In a 22-page submission made Monday (3/5) to the FCC, the American Cable Association (ACA) submitted Reply Comments in the FCC’s docket on the Electronic Delivery of MVPD Communications by asking the Commission to adopt its proposal to permit cable operators to deliver all Subpart T subscriber notices and privacy notices to a verified e-mail address, subject to certain consumer safeguards, and to allow all such notices to be sent on an “opt-out” basis.
In the reply comments, ACA asserted that there is widespread support for its positions that the Commission should allow for greater electronic communications between MVPDs and their subscribers, and that no commenters had objected to any of the FCC’s proposals.

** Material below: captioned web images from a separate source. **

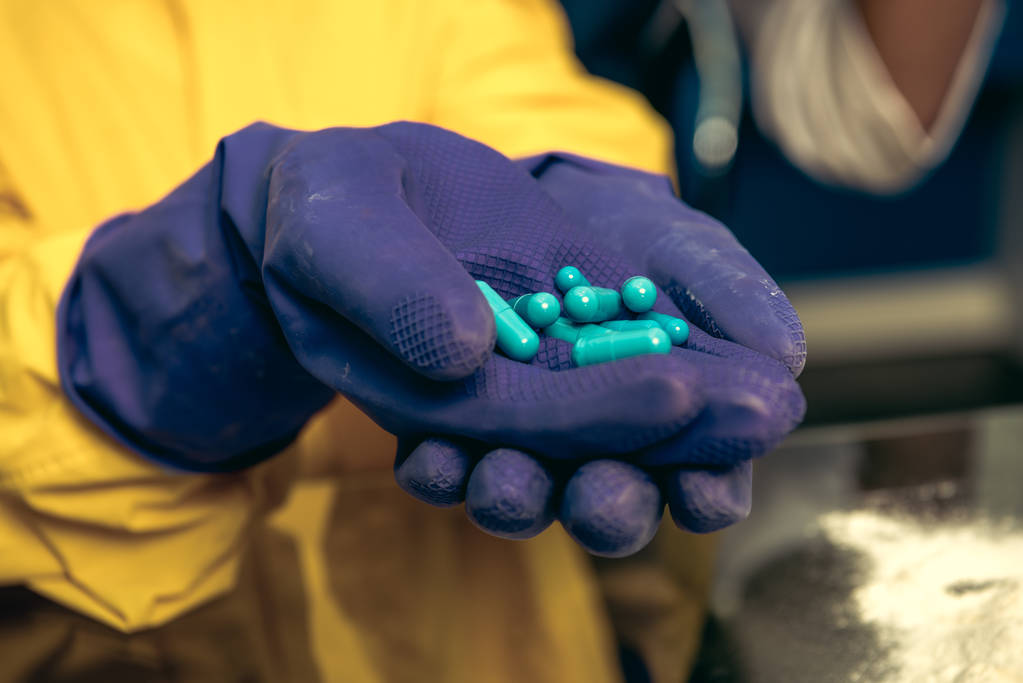 Hände in Gummihandschuhen mit Tabletten - Foto, Bild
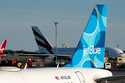 A JetBlue airplane is seen parked on the tarmac at John F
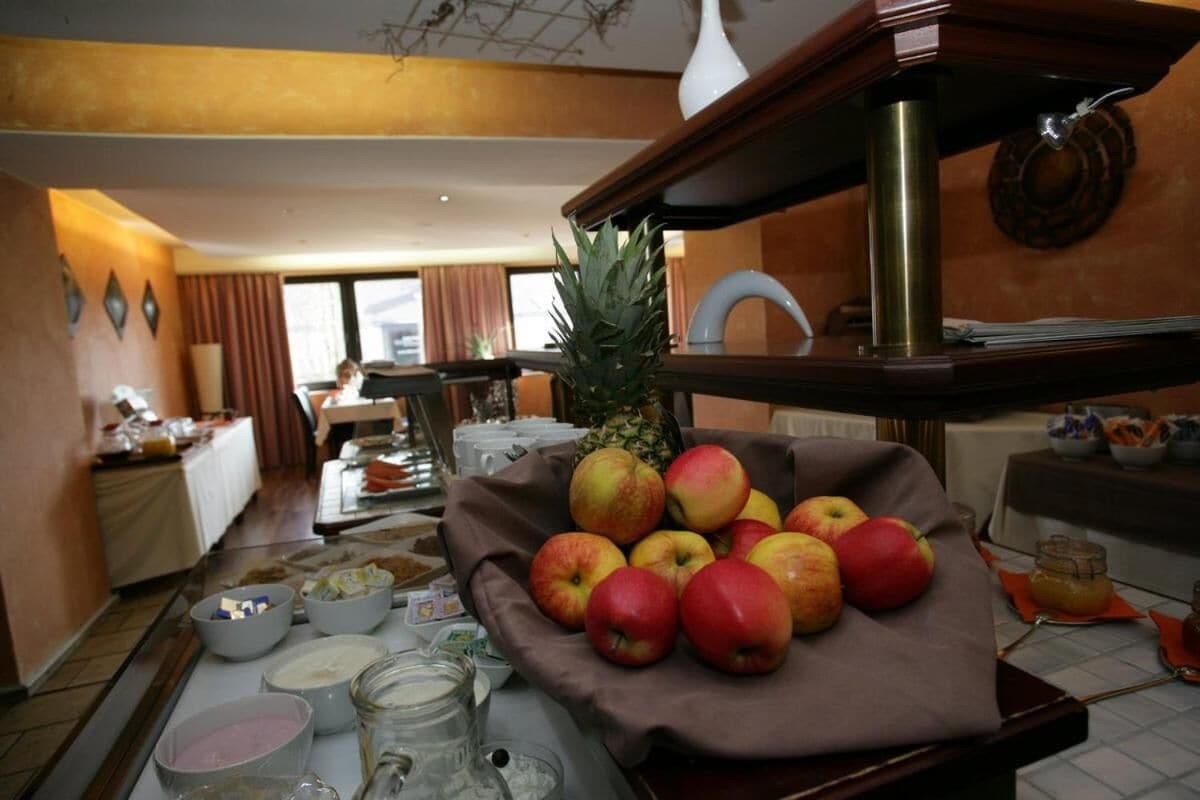 A breakfast buffet with a variety of fruits, including apples and a pineapple, and several bowls of food and condiments.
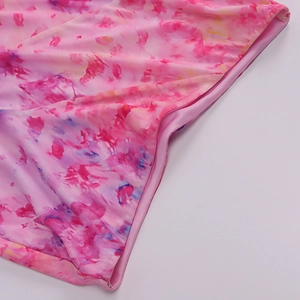 Detailed close-up of pink floral print fabric with fine stitching and elastic texture
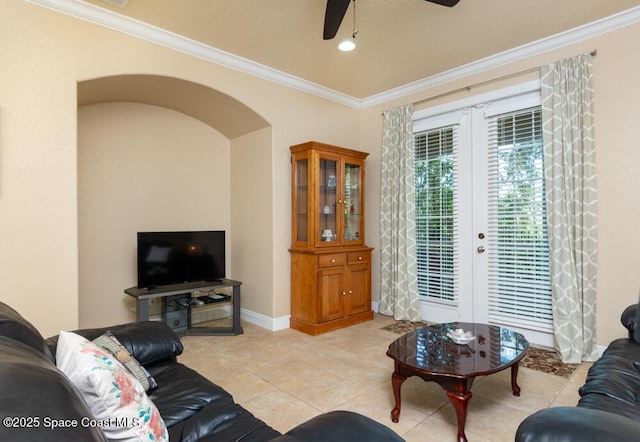 living room with light tile patterned floors, arched walkways, ceiling fan, ornamental molding, and french doors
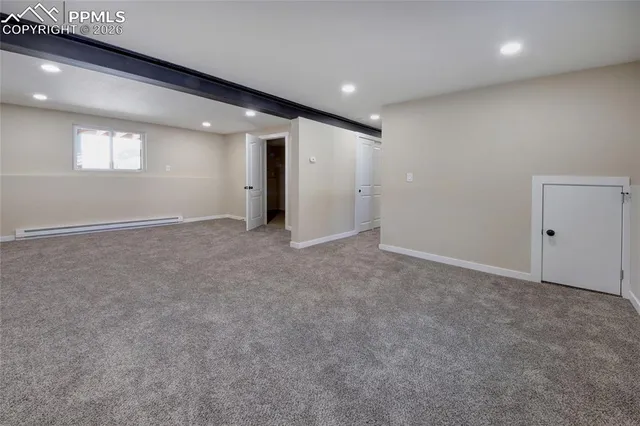 an empty room with a ceiling fan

The chief lobbying organization for small-sized and/or small-market MVPDs also noted that commenting parties generally agreed that electronic delivery of all subscriber notices should be allowed on an opt-out basis, and that the FCC should give MVPDs greater flexibility to post such notices on their websites and direct subscribers to those online notices, rather than send them to subscribers directly.
The record also supports ACA’s position that two rules related to the compatibility of cable systems with outdate consumer equipment should be eliminated.
The NPRM in this proceeding also touched on the issue of allowing electronic delivery of broadcast carriage election notices to MVPDs. ACA expressed support for proposals by NCTA and Verizon that would require broadcast stations to send electronic carriage notices to an e-mail address designated by each MVPD.
To ensure that broadcast stations are aware of the correct e-mail address to which they should send their notices, MVPDs would be required to post a dedicated e-mail address in their online public inspection file. Cable systems that are exempt from the FCC’s public inspection file rules would be required to post their dedicated e-mail addresses to their COALS profile.
ACA also proposed that broadcasters be required to copy an FCC-hosted e-mail address on their electronic notices so that the FCC could confirm that stations have met their obligations to send completed notices to the correct e-mail address in a timely fashion.
To further ease burdens on broadcasters, ACA also supported NCTA’s proposal to allow broadcasters to send a single notice to each MVPD in a designated market area, rather than sending separate notices to each individual system, as currently required.
ACA objected to proposals, set forth by multiple broadcasters, that stations be permitted to fulfill their notice obligations by posting their election notices in their online public inspection file.
ACA also objected to proposals that would change the cable carriage election default from must carry to retransmission consent.